Could you recommend a script/library for scraping in Python or Javascript?

Sort:
WhiteDrake

I know this question is not about the API; it's about something the API doesn't provide and maybe never will. I also know that chess.com might not like seeing scraping in general. However, I'm not attempting to create any competing service or gain any money from this; on the contrary, I need to get a specific set of data that I could send back to chess.com staff and/or other interested members. Getting this data manually is infeasible; it would take an incredible amount of time.

 

What do I want?

I'm looking for a script/library, which would allow me to scrape all comments from a given finished vote chess game for a given move. Recommending a script which could scrape all comments from a given chess.com forum would also be very helpful, as I think I could modify it easily to scrape comments from a VC game instead. I haven't written any scraping code before and I guess some of you did, so I hope you could help me.
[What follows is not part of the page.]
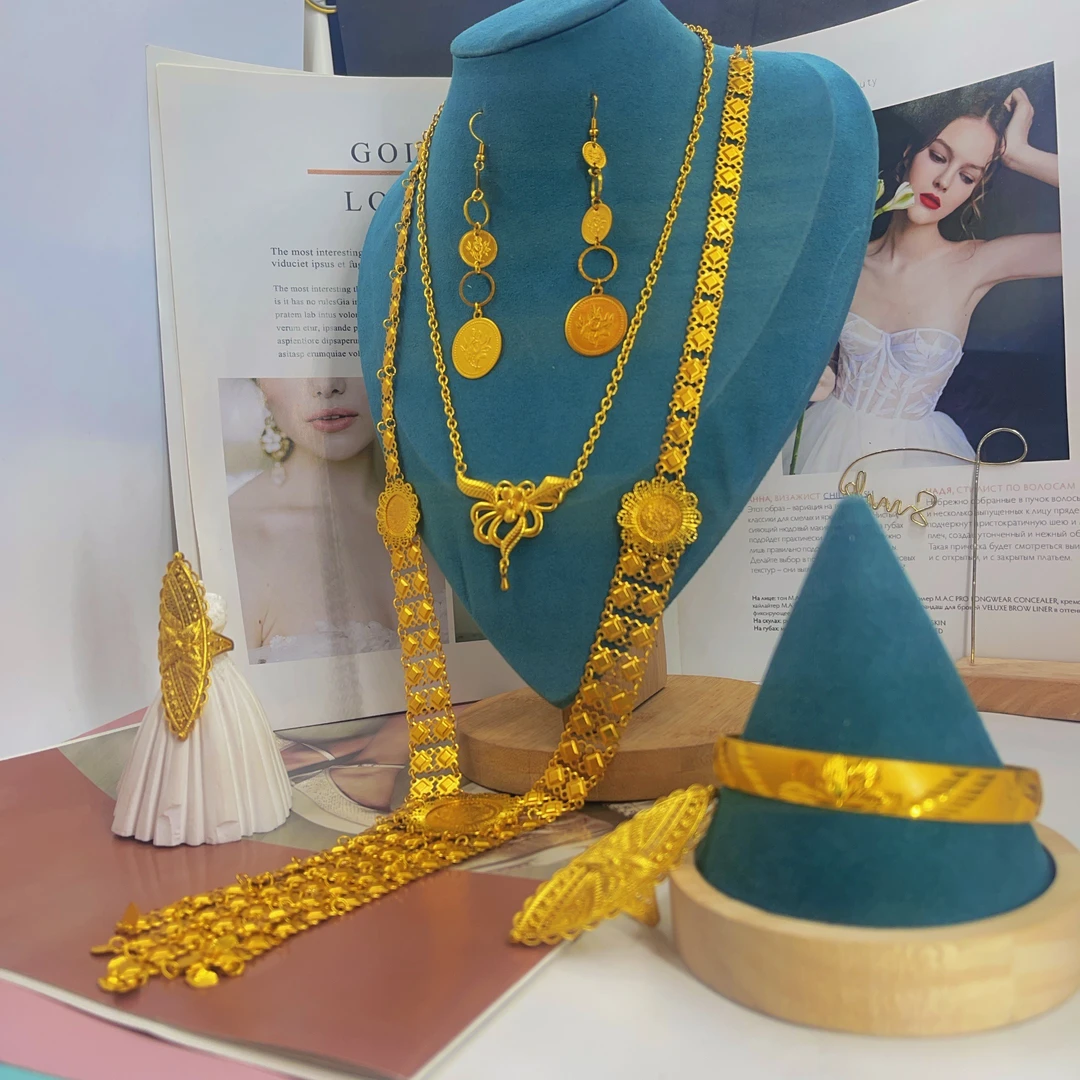 铜合金项链 女民族风铜合金手工气质百搭金色长款饰品链条链子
edit: I'm interested in scraping the html content rather than just the text, so that I can extract both the lines/continuations suggested as text and also the PGNs.

 

Scripting language

I'd prefer to use Python for this project but I'm afraid I might run into trouble with captchas. In that case, using Javascript might be better, as a bunch of JS code could just be pasted into the browser console, even though it wouldn't be comfortable - it'd still save me a lot of work.

 

Stress/load on the server

Clearly, throwing a bunch of requests against a server without thinking could put more stress on a server that a standard browser user would. I intend to slow the script down by increasing the time between two subsequent requests to 1-2 seconds, which shouldn't be much of a problem for the servers. I also won't be scraping all the VC games on the server, just a number of selected games.

 

Why do I want this?

I you want to know why do I want this, send me a PM.

stephen_33

Are you making harder work of this than you need to? My approach would be to copy+paste (scrape if you prefer) the text from the discussion thread.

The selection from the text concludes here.